Working with user registries

To secure your Catalogs, you authenticate with user registries. Perform the steps in this topic if you are creating a new user registry. In the Cloud Manager and API Manager user interfaces, a registry cannot be changed after a user is invited to be the owner of a provider organization, even if the invitation is not yet accepted.

About this task

The following user registries are available for API Connect and Cloud Manager environments:
  • Local user registry
  • LDAP
  • URL Authentication
Note:
  • Local user registry is the default user registry, and cannot be configured.
  • In the Cloud Manager and API Manager, you cannot change the user registry after a user is invited to be the owner of a provider organization, even if the invitation is not yet accepted. If you subsequently need to change the user registry, you must redeploy your API Connect cloud.
  • You can only use a single user registry for authenticating Cloud Manager users and a single user registry for authenticating API Manager users, regardless of user registry type (LDAP, Local User Registry or Authentication URL).
  • LDAP has an option to set case sensitivity. However, the Developer Portal does not support case-sensitive usernames so that LDAP option is not supported in a Developer Portal.

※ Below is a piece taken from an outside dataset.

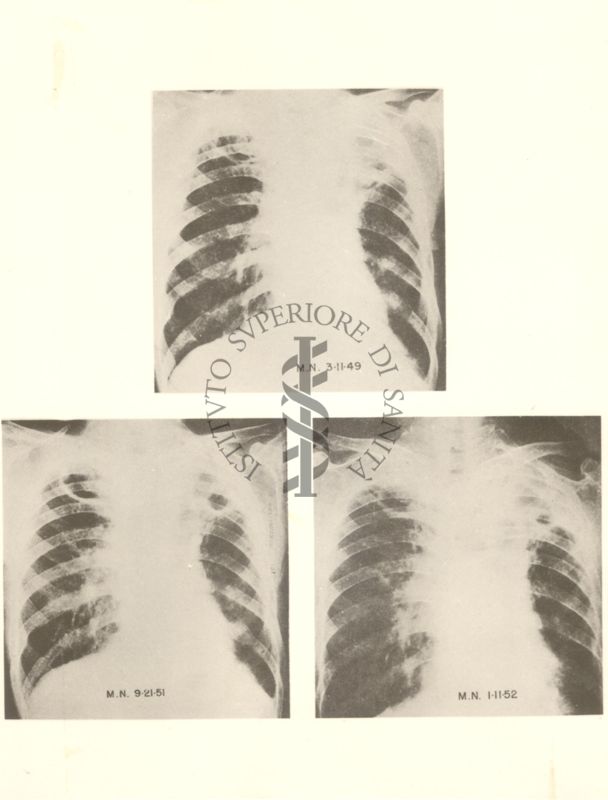 3 radiografie della gabbia toracica riguardanti l'azione dell'idrazide nella tubercolosi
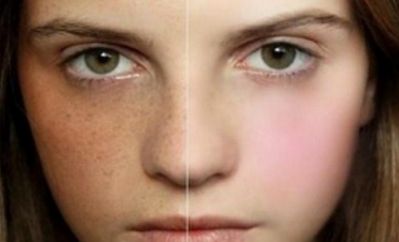 北京明星整形醫(yī)院哪家好？實(shí)力對(duì)比，選擇最適合自己的明星整形醫(yī)院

The Administration user is unique and always remains in the local user registry.

Procedure

  1. In the Cloud Manager page, click User Registries, then click Add.
  2. To authenticate with LDAP for the Cloud Manager or API Manager, complete the following steps. To avoid problems, be sure that your LDAP usernames match the case sensitivity of your actual registry. For additional information on using LDAP, see LDAP Authentication.
    1. Select LDAP Registry from the drop-down menu.
    2. Enter values in the Display Name, Name, and optionally, Description fields
      Note: The value that you specify in the Name field can consist of the following characters:
      • Lowercase alphabetic (a through z)
      • Numerals (0 through 9)
      • Hyphen (-). A hyphen cannot be used as the first or last character.
    3. In the Hostname and Port fields, enter the required information.
    4. From the Version drop-down menu, select the version number.
    5. To protect user credentials, move the Use TLS slider to the On position. If the Use TLS option is not selected, user credentials are not protected in transit.
      Note:

      If any user registry that is created in the Cloud Manager user interface, such as an LDAP registry, is used to authenticate access to APIs and is therefore configured to be public, then the Public option must be enabled in the associated TLS profile, otherwise the TLS connection will fail.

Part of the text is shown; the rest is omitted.